The collaboration between the ADF and Manpower Services has yielded a series of campaigns that feel like an unlikely allegiance of Contiki, GTA and Tough Mudder. Don’t be a soldier; start a Defence Career. Don’t join the army; challenge yourself.
Daniel, a UTS student who moonlights in the reserves, is unimpressed by the people this sort of advertising is attracting. He’s a stocky guy, unsurprisingly, and is mostly monosyllables and refills until we start to talk Kapooka.
Kapooka is the training site just outside Wagga where new recruits get turned into soldiers, whether for the Reserve or what Daniel calls the ‘real army’. “They should show these fuckwits crying into their phones on – what day are they allowed a phone? Day 15? – to all their girlfriends about oh I can’t do this oh I want to come home. That’d keep the noobs out.” Noobs? “Guys who put ‘lol’ in their application. They see this shit and think it’s for misfits who love guns. They get chewed up fast. It’s not a fucking gap year.”
It doesn’t seem the moment to point out that the ADF does in fact run a gap year program.
Manpower joins a rising tide of corporations including Serco and GFS now managing civilian-control mechanisms that have typically been the dominion of the state. Manpower Services thinks of potential recruits as players in a job market full of competing internships, placements and part time work.
By far the biggest influx of recruits happens over summer, when school leavers and tertiary studiers are looking for any number of combinations of money, something to do during the day, a way to get fit, and a way to give back to the community.
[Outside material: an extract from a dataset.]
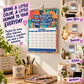 🖤 Black Friday Deal: Just £7.99! 🔥📅2027 Sweary Mental Health Calendar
For Tim, joining up was a way to stay ideologically consistent with his belief in compulsory national service. I ask if the money helps – a trainee recruit can expect to make $34,460 in a year. “I mean it doesn’t hurt. But if I just wanted money I’d stack shelves.”
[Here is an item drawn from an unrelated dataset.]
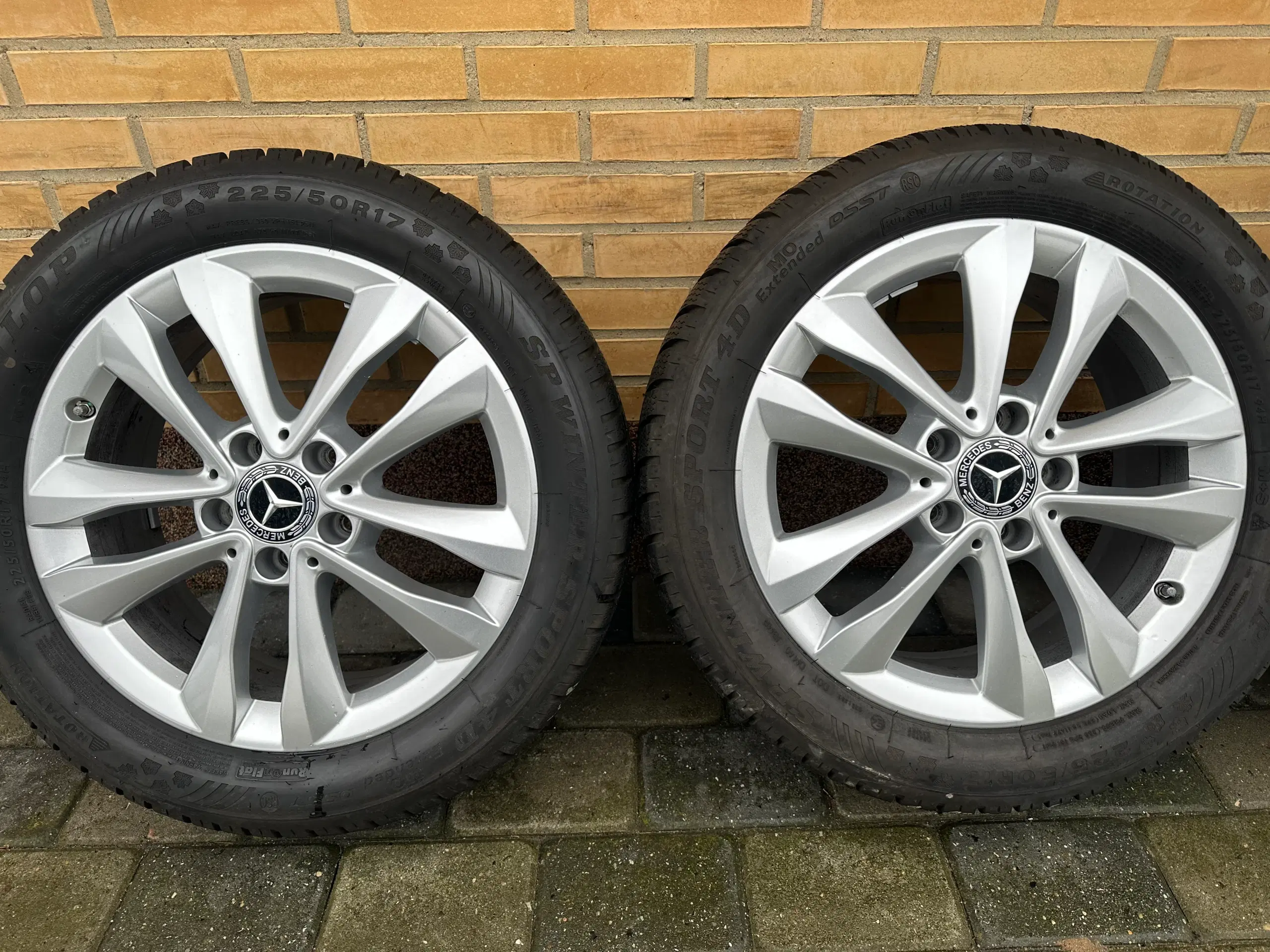 17” Originale Mercedes/VW vinterfælge med tpms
Manpower has three years left in its contract with Defence, which is worth $500 million to the company. It is tasked with two things: ADFA recruitment and retention. The potential for alliteration was not lost on the military boffins who dubbed the strategy ‘R2’.
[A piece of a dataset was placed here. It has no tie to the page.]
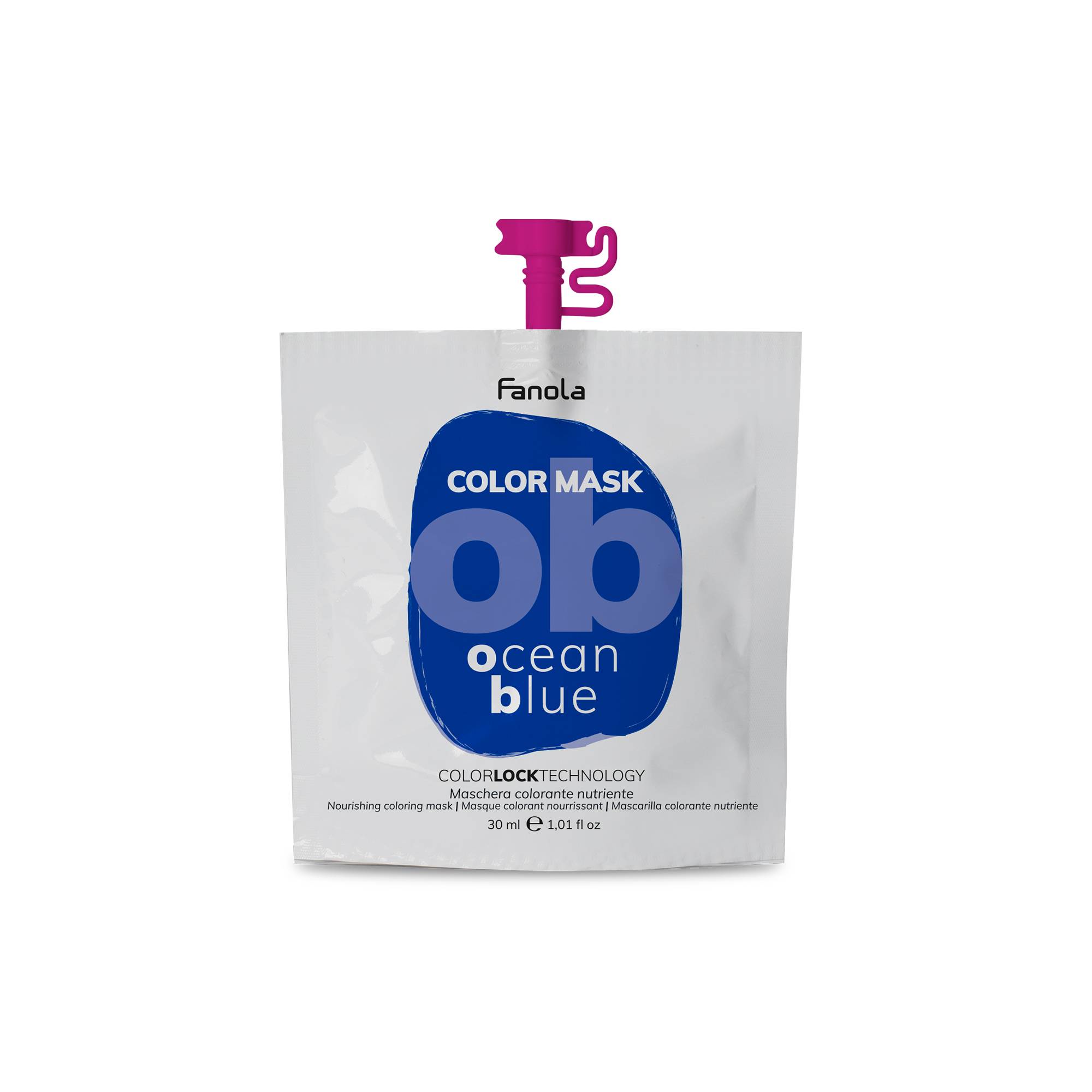 Masque colorant Color Mask ocean blue de la marque Fanola Contenance 30ml - 1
The ADF has allocated $3.1 billion to recruitment and retention since 2007. That’s 117 M1 Abrams tanks. When I told Daniel about Manpower Services’ involvement in recruitment, he’s bemused in an almost curmudgeonly way. “I had no idea they were managing it. It’s weird that they’re not… that they don’t have military experience. You’d think they’d want more than just a civvie advertising company.”
Perhaps this explains the ways recruitment drives have targeted young Australians in the last few years. The era of army personnel standing in shopping centres and bookstores is long since passed. If the ADF wants to compete with other employers who want a part of the young, fit, mobile workforce, it knows it has to out-advertise them. Joe, a 22 year old with his sights set on being a clearance diver, was bemused by a recent series of recruitment ads run in cinemas nationwide for Navy, that a few years ago made like Zuckerberg and dropped the ‘the’. “They had a guy on a tuk tuk somewhere in south east Asia. They didn’t show the hours you spend every day on mindless cleaning”.
The second part of the R2 strategy, Retention, is simple enough. Once people are in the army, don’t lose them. Australian retention focuses on trying to “establish and maintain the ADF as an employer of choice, by providing contemporary rewards for a competitive marketplace”. This doesn’t seem to rattle Daniel and co so much. “No I get that’s all fair. Some guys get 182K as a base rate, but they do a hard job. Pay them. But the people they’re attracting with this entry-level bullshit… we need young people, not people with nothing better to do.”